政策面でも重視されはじめた教育DXと研究DX

 DXへの関心は高等教育の分野でも急速な高まりを見せている。特に、コロナ禍で遠隔授業を余儀なくされた大学において、オンラインやオンデマンドを積極的に取り入れた教育改革への取り組みが本格化しつつある。

 文部科学省は2020年6月に「大学教育のデジタライゼーション・イニシアティブ(Scheem-D)」を立ち上げ、学修者本位の大学教育を実現するため、サイバーとフィジカルを上手に組み合わせて授業の価値を最大化する取り組みを後押ししている。

 また、2021年1月に「デジタルを活用した大学・高等教育高度化プラン」の公募が行われ、同3月には申請252件から54件の事業が選定されている。公募要領には、大学等(短期大学・高等専門学校を含む)全体でDX推進に取り組む計画であり、その取り組みによる効果が大学等全体の教育の高度化につながる計画であることが申請の要件として明記されている。

 大学におけるDXは教育分野だけにとどまらない。
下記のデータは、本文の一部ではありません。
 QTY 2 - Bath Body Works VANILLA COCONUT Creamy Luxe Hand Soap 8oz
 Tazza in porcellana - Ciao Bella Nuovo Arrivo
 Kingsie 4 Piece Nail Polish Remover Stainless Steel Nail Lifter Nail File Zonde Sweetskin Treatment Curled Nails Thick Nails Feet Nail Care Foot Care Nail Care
文部科学省は、オープンサイエンス時代を先導する「研究DX」の実現に向けた課題として、研究活動情報の把握や研究評価のデジタル化、オープンサイエンス時代の学術情報・研究データ流通を先取りした検討、公募型研究費に関する事務作業の効率化、共用研究施設における各種手続きのデジタル化、研究活動の機械化・遠隔化・自動化、DX人材の育成・確保といった項目を掲げている(2020年12月23日「文部科学省におけるデジタル化推進プラン」文部科学省デジタル化推進本部資料より)。
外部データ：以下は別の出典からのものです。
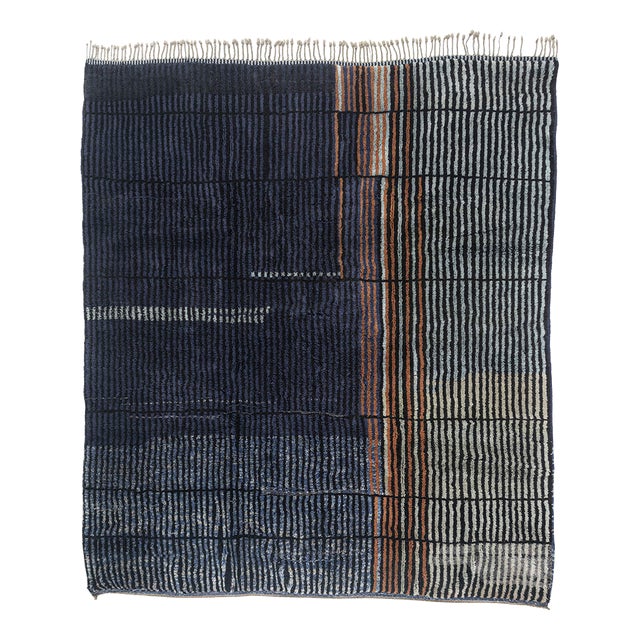 Timeless Hand-Knotted Wool Rug by Azele Studio For Sale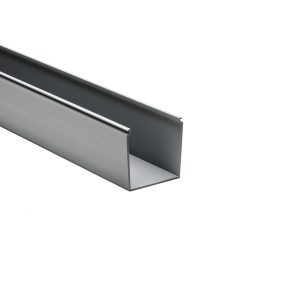 Wiring duct, 76.2x77.9mm, L=1.83m, grey, 18.3m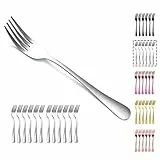 Kyraton Edelstahl Gabeln 12er, 20.8cm Gabel, Tafelgabeln, Besteck Gabeln, Geeignet für Haushalte, Restaurants, Kantinen Spülmaschinenfest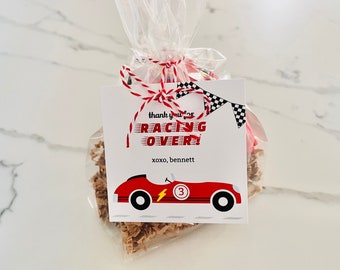Vintage Race Car Birthday Party Favor, Two Fast Birthday Modeling Clay Favor, Fast One Birthday Party Favor, Race Car Party Favor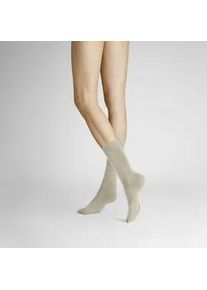 Socken Hudson "SIMPLY3 3-PACK", Damen, Gr. 35-38, beige, meliert, Baumwollmischung, normal, Socken Socken, angenehmer und druckfreier Tragekomfort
 2021年3月に閣議決定された「第6期科学技術・イノベーション基本計画」においても、「社会全体のデジタル化や世界的なオープンサイエンスの潮流を捉えた研究そのもののDXを通じて、より付加価値の高い研究成果を創出し、わが国が存在感を発揮することを目指す」との方針が示されている。

 教育研究を支える業務運営全般のデジタル化も急務である。入試・教務・学生・就職、研究支援、図書・学術情報、企画・総務、人事・給与、財務・施設などの業務において、いわゆる「事務」に多くの労力が投入されてきた。事務的処理をデジタル化し、職員の能力を新たな価値創出にシフトさせることは、大学の競争力を高めるためだけでなく、職員個々のキャリア形成のためにも不可欠である。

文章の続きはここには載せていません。